→ **Required action**
Print exactly what the entries say, line by line, from the first line down to the one with "A bohemian room", inclusive.

→ **Source data**

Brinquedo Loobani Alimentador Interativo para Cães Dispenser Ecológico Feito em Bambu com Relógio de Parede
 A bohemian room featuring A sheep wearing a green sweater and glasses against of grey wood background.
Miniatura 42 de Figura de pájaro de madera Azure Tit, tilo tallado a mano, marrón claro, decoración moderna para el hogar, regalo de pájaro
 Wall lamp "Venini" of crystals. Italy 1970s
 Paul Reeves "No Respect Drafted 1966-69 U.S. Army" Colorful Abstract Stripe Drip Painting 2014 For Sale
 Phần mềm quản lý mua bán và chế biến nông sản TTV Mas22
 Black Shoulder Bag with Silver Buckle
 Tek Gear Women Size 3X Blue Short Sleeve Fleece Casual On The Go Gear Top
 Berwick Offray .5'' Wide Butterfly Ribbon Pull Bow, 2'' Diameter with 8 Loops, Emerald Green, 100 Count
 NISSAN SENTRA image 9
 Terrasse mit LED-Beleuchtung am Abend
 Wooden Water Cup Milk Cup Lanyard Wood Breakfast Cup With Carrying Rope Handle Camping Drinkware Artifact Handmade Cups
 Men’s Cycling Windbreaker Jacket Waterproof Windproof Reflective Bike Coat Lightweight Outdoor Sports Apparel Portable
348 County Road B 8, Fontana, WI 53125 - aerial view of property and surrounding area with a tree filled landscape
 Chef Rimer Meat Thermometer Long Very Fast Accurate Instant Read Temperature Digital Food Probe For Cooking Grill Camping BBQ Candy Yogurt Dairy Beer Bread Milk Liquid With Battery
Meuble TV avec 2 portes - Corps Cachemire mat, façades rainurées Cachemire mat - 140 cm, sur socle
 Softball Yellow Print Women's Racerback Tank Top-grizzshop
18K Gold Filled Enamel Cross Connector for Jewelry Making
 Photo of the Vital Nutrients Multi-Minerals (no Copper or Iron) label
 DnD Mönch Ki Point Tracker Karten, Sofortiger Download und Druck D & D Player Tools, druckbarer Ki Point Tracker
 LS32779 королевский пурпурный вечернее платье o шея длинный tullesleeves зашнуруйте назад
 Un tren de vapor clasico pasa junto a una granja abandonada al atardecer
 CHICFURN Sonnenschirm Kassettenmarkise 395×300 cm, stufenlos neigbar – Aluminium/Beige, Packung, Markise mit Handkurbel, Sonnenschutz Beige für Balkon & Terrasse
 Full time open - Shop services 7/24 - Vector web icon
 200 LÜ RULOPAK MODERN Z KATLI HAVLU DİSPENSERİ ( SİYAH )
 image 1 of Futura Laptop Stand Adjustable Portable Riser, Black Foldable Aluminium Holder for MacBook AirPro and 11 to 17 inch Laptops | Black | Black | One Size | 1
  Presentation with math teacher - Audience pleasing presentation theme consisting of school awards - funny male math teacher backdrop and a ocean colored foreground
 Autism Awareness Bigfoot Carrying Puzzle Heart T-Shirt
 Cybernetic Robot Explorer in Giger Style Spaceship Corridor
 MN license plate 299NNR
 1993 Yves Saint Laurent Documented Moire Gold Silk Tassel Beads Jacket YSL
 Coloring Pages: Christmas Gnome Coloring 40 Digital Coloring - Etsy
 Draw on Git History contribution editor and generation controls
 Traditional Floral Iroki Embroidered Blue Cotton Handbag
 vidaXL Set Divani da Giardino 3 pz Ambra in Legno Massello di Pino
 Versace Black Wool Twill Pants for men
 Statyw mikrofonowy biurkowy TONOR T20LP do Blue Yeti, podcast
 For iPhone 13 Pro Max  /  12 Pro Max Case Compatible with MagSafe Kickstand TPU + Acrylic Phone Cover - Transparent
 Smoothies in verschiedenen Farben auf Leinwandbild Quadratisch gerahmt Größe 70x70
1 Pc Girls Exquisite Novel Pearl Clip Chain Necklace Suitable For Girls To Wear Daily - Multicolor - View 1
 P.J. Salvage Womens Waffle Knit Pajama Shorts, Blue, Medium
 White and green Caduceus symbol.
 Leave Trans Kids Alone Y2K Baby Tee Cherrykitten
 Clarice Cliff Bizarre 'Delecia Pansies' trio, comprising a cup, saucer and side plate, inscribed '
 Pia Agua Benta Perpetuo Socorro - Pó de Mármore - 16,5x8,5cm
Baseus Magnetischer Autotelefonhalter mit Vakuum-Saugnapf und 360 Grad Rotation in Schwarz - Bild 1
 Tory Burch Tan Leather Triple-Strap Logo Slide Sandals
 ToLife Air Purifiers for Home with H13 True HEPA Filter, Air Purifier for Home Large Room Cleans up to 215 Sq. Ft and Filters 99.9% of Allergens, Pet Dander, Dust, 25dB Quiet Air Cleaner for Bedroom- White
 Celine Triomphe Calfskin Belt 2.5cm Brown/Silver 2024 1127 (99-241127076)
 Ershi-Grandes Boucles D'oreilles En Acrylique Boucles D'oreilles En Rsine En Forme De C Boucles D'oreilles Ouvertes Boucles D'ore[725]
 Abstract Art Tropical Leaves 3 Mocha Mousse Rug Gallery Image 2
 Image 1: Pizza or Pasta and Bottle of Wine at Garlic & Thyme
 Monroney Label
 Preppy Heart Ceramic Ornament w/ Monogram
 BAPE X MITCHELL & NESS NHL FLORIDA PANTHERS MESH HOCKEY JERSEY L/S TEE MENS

→ **Result**
Brinquedo Loobani Alimentador Interativo para Cães Dispenser Ecológico Feito em Bambu com Relógio de Parede
 A bohemian room featuring A sheep wearing a green sweater and glasses against of grey wood background.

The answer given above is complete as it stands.